Pragmatismus versus Kern

Wir reden von grundsätzlichen  Weltanschauungen: Wollen wir persönliche Belange, Beziehungen oder Strukturen von ihrem Kern aus betrachten und verändern. Oder lassen wir tief angelegte Fundamente mit ihren historischen Prägungen eine gute Frau sein. Und verwenden unsere Energie lieber darauf, in unserer Gegenwart einigermaßen gut zu leben.

In der Psychologie gibt es beispielsweise die Psychoanalytiker, die in der Tiefe kindlicher Erfahrungen bohren, um Knackpunkte freizulegen und diese dann zu bearbeiten.
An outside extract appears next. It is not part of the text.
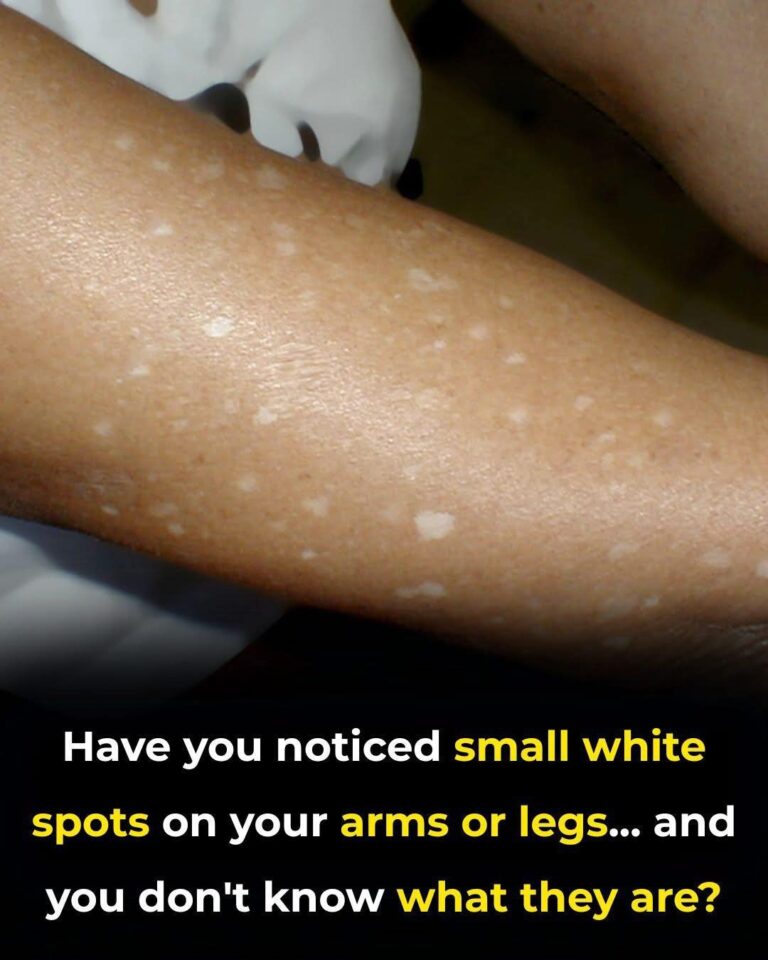 Have you noticed small white spots on your arms or legs… and you don’t know what they are?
Dagegen geht es den pragmatischen Vertretern dieser Spezies ‚nur‘ darum, Verhaltensweisen in der Gegenwart zu ändern, um schlicht mit unserer Umwelt und uns selbst einigermaßen zurecht zu kommen. Der (vermeintliche) Kern ist in diesem Modell eher eine Black Box. Eine DNA, die wir nicht entschlüsseln können.

Was das mit unseren Organisationswelten zu tun hat? Einiges behaupte ich frech. Kennen Sie nicht unzählige Gespräche in ihrem Berufsleben, in denen ihr Gegenüber schlüssig und zwingend erläutert, welch falsche Weichen sein Unternehmen gestellt hat, wie stark Anspruch und Wirklichkeit auseinanderklaffen. Trotzdem, und das ist das verblüffende, existiert sein Unternehmen weiter fort und schert sich einen Dreck um diese Kritik. Es funktioniert, weil das eigene System hinreichend gut mit dem übergeordneten Rahmen und den benachbarten Systemen harmoniert.

Klar reden wir von Momentaufnahmen. Spannend wird es, wenn sich in meinem System etwas tut. Ein neuer Ober-Boss macht einiges anders. Die Organisation spaltet sich auf bzw. wird um neue Bereiche erweitert. Oder der Markt verändert sich, weil Social Media völlig neue Geschäftsprozesse ermöglicht und unser Kaufladen um die Ecke mega-out ist. Obwohl er gestern noch bestens lief.

Schlägt jetzt die Stunde der Fundamentalisten, die an der DNA sezieren und die „Gene“ der Organisation austauschen? Oder die der Pragmatiker der kleinen Schritte, die nicht gleich das Skalpell zücken. Mein Herz schlägt bekanntlich für die Pragmatiker. Als dezenter Skeptiker fällt es mir schwer zu glauben, wir kämen immer an den Kern. Reden wir über einen Kern, reden wir nicht über ihn selbst, sondern über unsere Sichtweise auf ihn. Guter, alter Konstruktivismus (für meine Freunde, die mich immer damit aufziehen J). Die Black Box – wenn sie einige Stellen heller erleuchtet, ist viel erreicht.

Gleichwohl: Bei fundamentalen Marktumwälzungen kann Pragmatismus nicht angesagt sein. Wenn disruptive Technologien alles über den Haufen werfen, beißen einige Unternehmen ins bittere Gras. Fragt sich nur, ob sie dies auch getan hätten, wenn sie ihren Kern verändert hätten. Wäre ihnen überhaupt die Zeit geblieben? Ich habe vorsichtige Zweifel, aber dies betrifft natürlich auch meine eigene Haltung. Experimentum mundi. Ausgang offen.